Now the current paradigm is that experiences are so much better than things… Perhaps it would be helpful to step back and consider that everything really is an experience. A thing, as well, is experienced on some level, so in the following an experience typically denotes some kind of event isolated in time and not earned knowledge of certain things… and that the people who revel in experiences like travel, movies, concerts, and so on consider themselves so much more enlightened, kinda like the crowd of yesteryear who thought it might be a good idea to spontaneously, oh say, self-combust, because that would surely be craaaaaazy, yay?!

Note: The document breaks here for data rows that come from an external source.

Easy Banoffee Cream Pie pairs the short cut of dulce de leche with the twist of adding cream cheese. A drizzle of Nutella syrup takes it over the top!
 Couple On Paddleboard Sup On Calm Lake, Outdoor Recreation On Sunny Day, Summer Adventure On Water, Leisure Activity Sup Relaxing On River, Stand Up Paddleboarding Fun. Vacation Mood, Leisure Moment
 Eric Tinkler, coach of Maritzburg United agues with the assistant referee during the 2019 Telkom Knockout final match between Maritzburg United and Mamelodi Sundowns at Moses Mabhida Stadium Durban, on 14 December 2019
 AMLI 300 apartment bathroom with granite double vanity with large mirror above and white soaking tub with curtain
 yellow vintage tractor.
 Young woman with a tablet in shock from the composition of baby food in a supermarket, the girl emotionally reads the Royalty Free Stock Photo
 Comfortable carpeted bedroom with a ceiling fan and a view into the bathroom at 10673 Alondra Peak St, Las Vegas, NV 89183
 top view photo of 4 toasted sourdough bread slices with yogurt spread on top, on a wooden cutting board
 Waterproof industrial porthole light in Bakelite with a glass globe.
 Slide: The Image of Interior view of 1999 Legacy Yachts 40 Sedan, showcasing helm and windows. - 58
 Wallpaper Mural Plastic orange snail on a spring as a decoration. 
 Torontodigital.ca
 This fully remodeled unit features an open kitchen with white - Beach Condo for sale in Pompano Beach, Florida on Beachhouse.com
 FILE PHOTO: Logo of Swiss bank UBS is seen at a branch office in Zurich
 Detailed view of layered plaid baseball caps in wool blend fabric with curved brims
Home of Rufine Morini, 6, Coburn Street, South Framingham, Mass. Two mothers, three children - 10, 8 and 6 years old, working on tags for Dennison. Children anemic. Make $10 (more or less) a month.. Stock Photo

Now, I say that may be fine for whoever in inherently into experiences and unintelligent for those who go along. Not all experiences are inherently better than things. Some of the things I own makes my life better on a daily basis unlike pretty much all the memories, I don’t think about it. (DW will probably say that that’s just because I’m getting senile.) Hence, events are all sunk expenses unless they can be brought forth; and when it comes down to it, how much is the memory of some old event worth? To what extent does it enrich my current life? For me, not a whole lot. Experiences as entertainment are not better than things as entertainment. In fact, from an economic perspective they are worse, since they can not be sold. Also they come with the typical lifestyle inflation. Once you have experienced E, you want to experience E+1. It gets more and more exotic. It seems that the popularization of experiences is one more way of extracting money from people on the service level, although you can of course devise your own experiences. However, in this case I think it moves from event-experience to knowledge-experience: something which I value much higher.
Hence the politically correct notion of valuing experiences over things does not hold for me. I suppose the experience crowd gets a lot of traction from people, who are past-oriented, you know the type who has tons of family albums, who do genealogy, and still talk about the war (you know the war I’m talking about, yes?). This is about one third of the population. But many others just go along, because it’s fashionable; not because it is right for them.
Originally posted 2009-08-13 00:03:45.